Crawled caption data:
=== Section Start ===

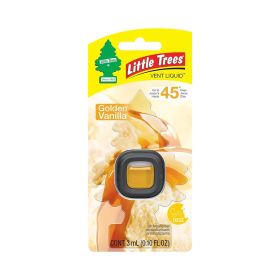 Little Trees Golden Vanilla Vent Liquid Car Air Freshener 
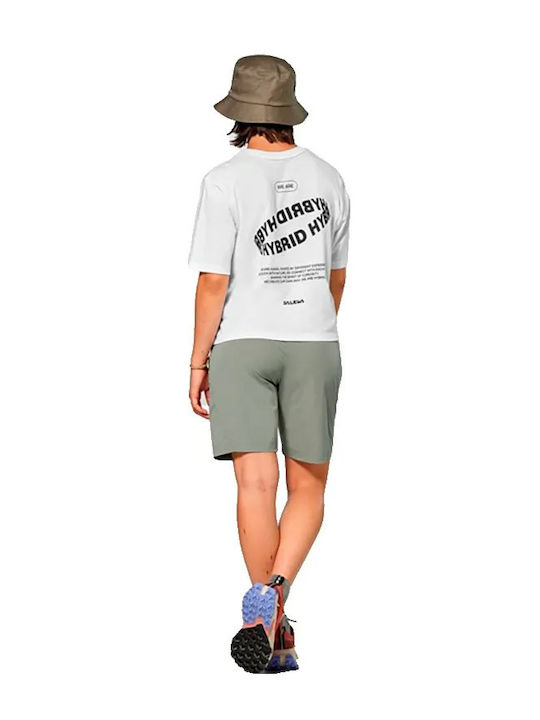 Salewa Puez Talvena Dst Γυναικείο Κοντό Παντελόνι Πεζοπορίας Χακί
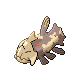 Relicanth, Front, in HeartGold & SoulSilver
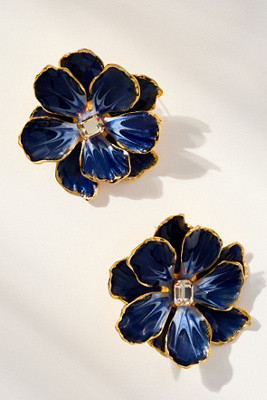 The Pink Reef Handpainted Earrings | Anthropologie (US)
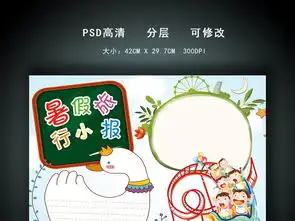 暑假旅游生活小报图片素材psd模板下载12.06mb暑假旅游手抄报大全寒暑假手抄报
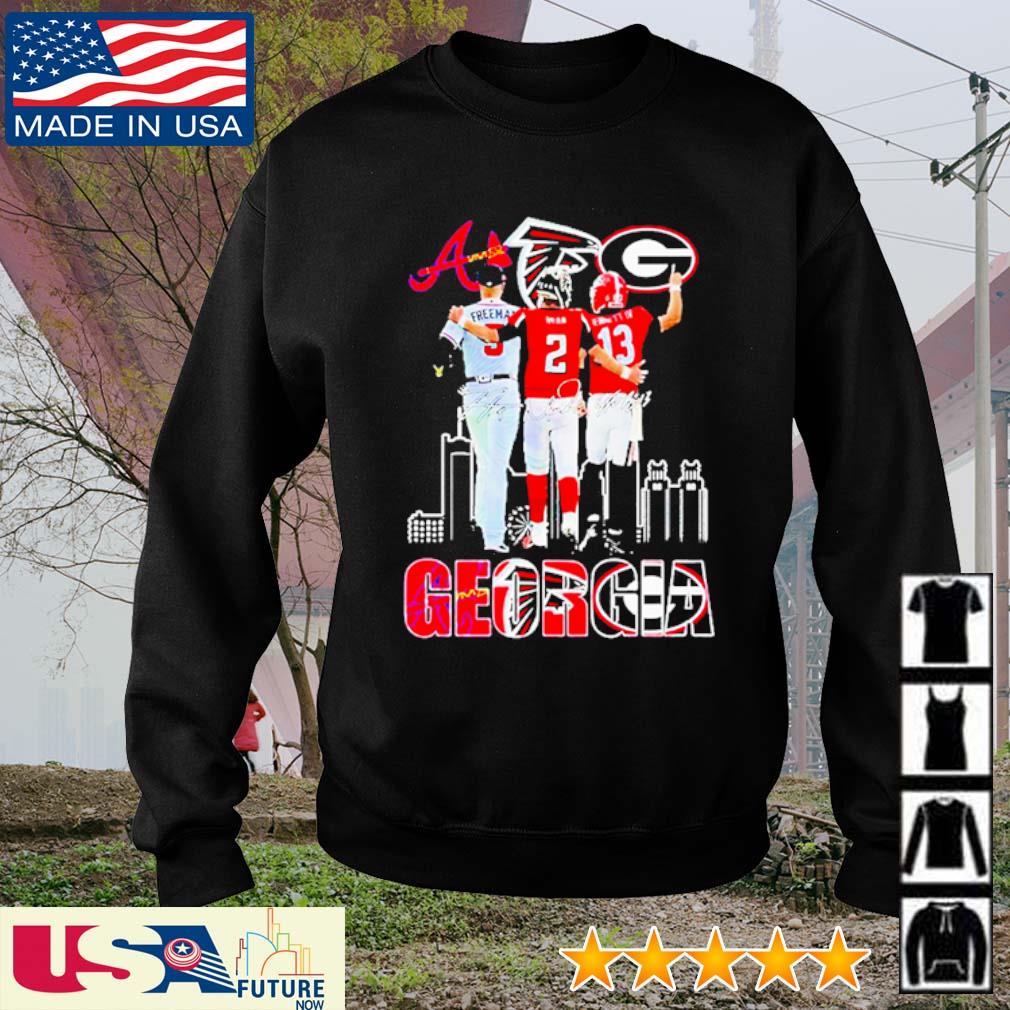 Georgia Freddie Freeman Matt Ryan And Stetson Bennett Iv Signatures 2023  Shirt - Freedomdesign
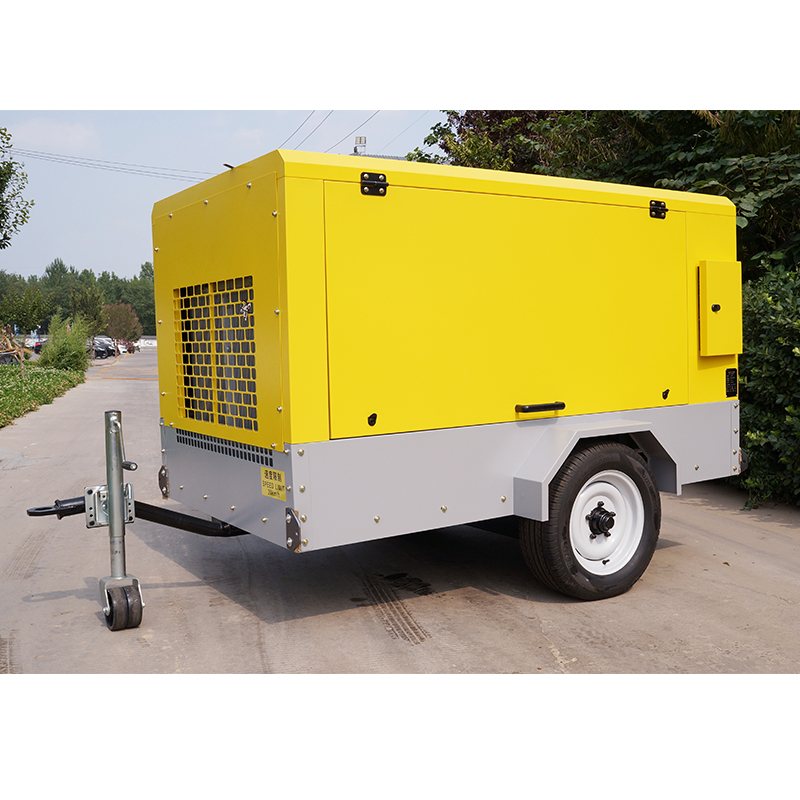 185Cfm 7Bar Trailer Portátil Móvel Diesel Power Parafuso Compressor de Ar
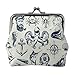 ZUNPNG Vintage Ocean Nautische Meerjungfrau Leuchtturm Schnalle Leder Münzgeldbörsen Vintage Beutel Kiss-Lock Kleingeldbörse Mini Geldbörsen für Frauen Mädchen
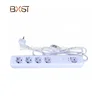 BX-RF-05-G CE/ETL/GS Cirtifications 16A 220V 230V Electrical Remote Control Socket with Eu AC Plug,Protector Power Strip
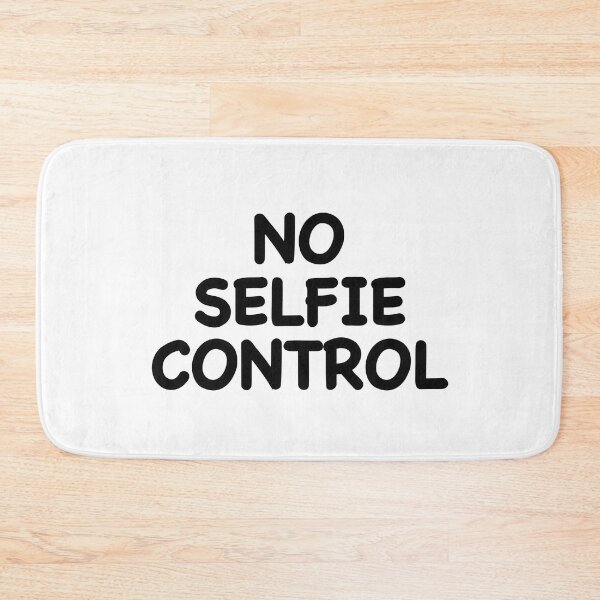 Item preview, No Selfie Control designed and sold by popculturechick.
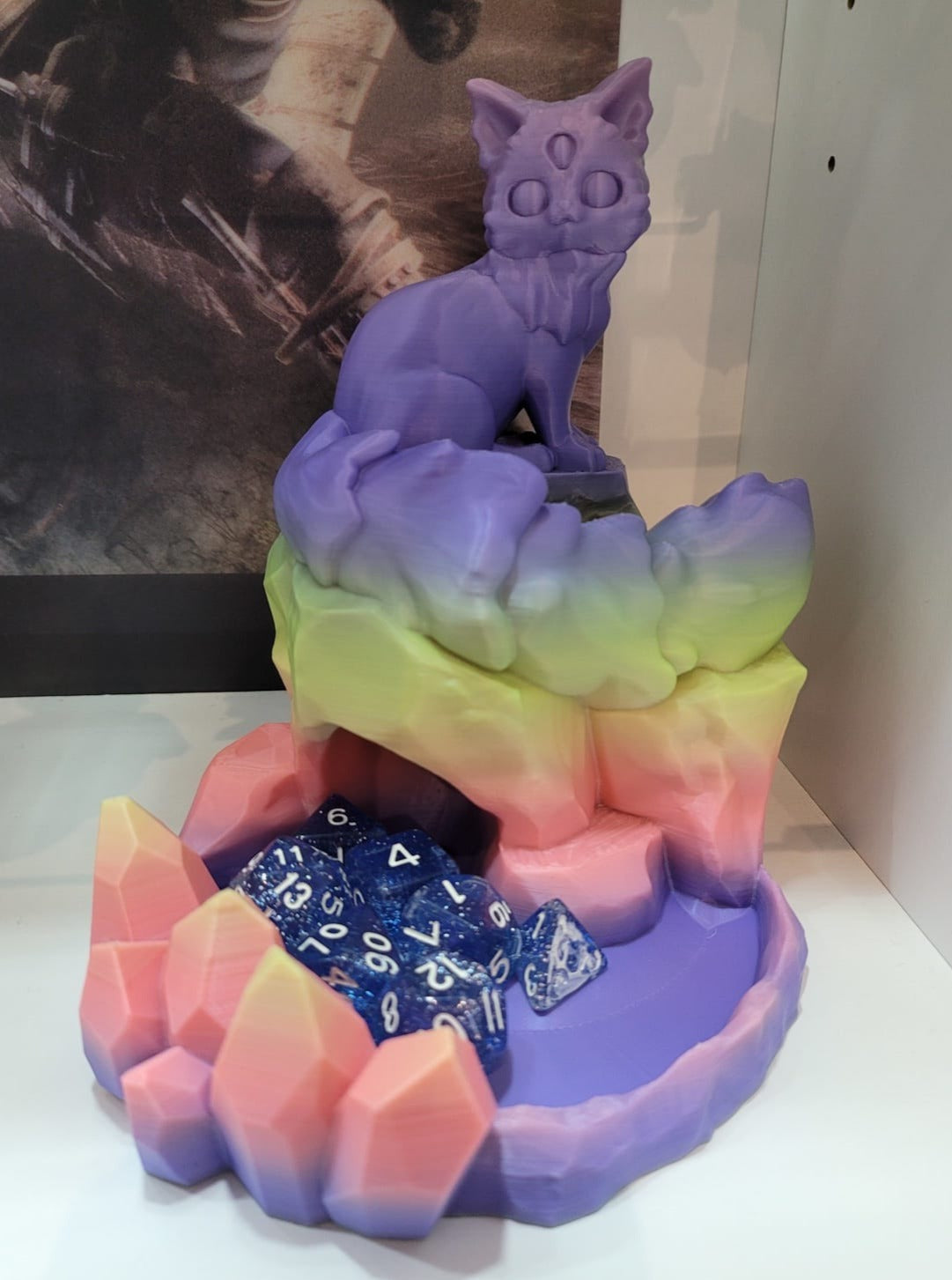 Arcadia Würfelturm (ohne Würfel) 3D Druck Statue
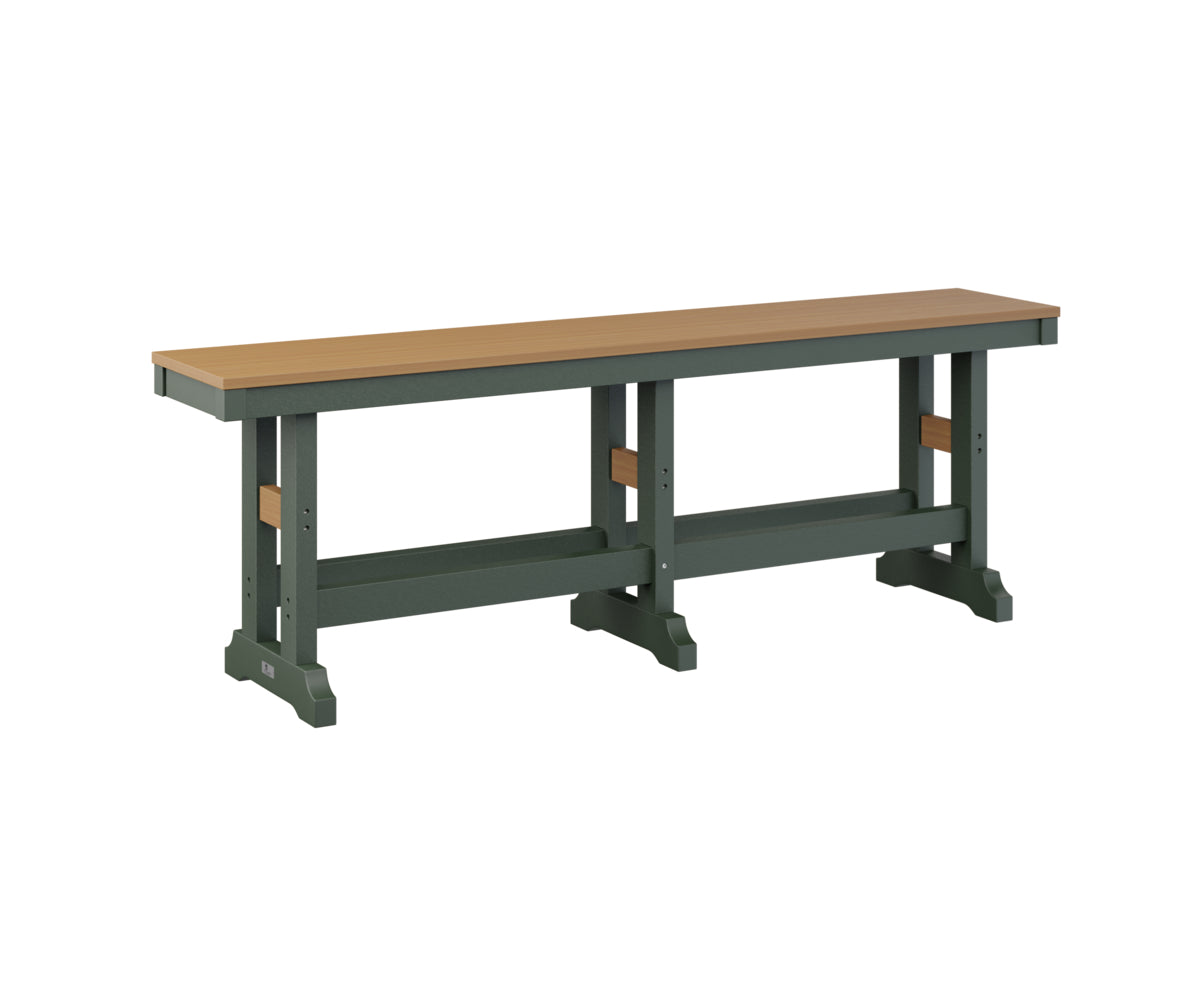 Berlin Gardens Garden Classic 66-Inch Outdoor Counter Height Bench - Perfect for Patio, Deck, Garden & Backyard Dining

=== Section End ===

THE TASK:
Copy out the data verbatim, excluding the pictures.

EXPECTED OUTPUT:
 Little Trees Golden Vanilla Vent Liquid Car Air Freshener 
 Salewa Puez Talvena Dst Γυναικείο Κοντό Παντελόνι Πεζοπορίας Χακί
 Relicanth, Front, in HeartGold & SoulSilver
 The Pink Reef Handpainted Earrings | Anthropologie (US)
 暑假旅游生活小报图片素材psd模板下载12.06mb暑假旅游手抄报大全寒暑假手抄报
 Georgia Freddie Freeman Matt Ryan And Stetson Bennett Iv Signatures 2023  Shirt - Freedomdesign
 185Cfm 7Bar Trailer Portátil Móvel Diesel Power Parafuso Compressor de Ar
 ZUNPNG Vintage Ocean Nautische Meerjungfrau Leuchtturm Schnalle Leder Münzgeldbörsen Vintage Beutel Kiss-Lock Kleingeldbörse Mini Geldbörsen für Frauen Mädchen
 BX-RF-05-G CE/ETL/GS Cirtifications 16A 220V 230V Electrical Remote Control Socket with Eu AC Plug,Protector Power Strip
 Item preview, No Selfie Control designed and sold by popculturechick.
 Arcadia Würfelturm (ohne Würfel) 3D Druck Statue
 Berlin Gardens Garden Classic 66-Inch Outdoor Counter Height Bench - Perfect for Patio, Deck, Garden & Backyard Dining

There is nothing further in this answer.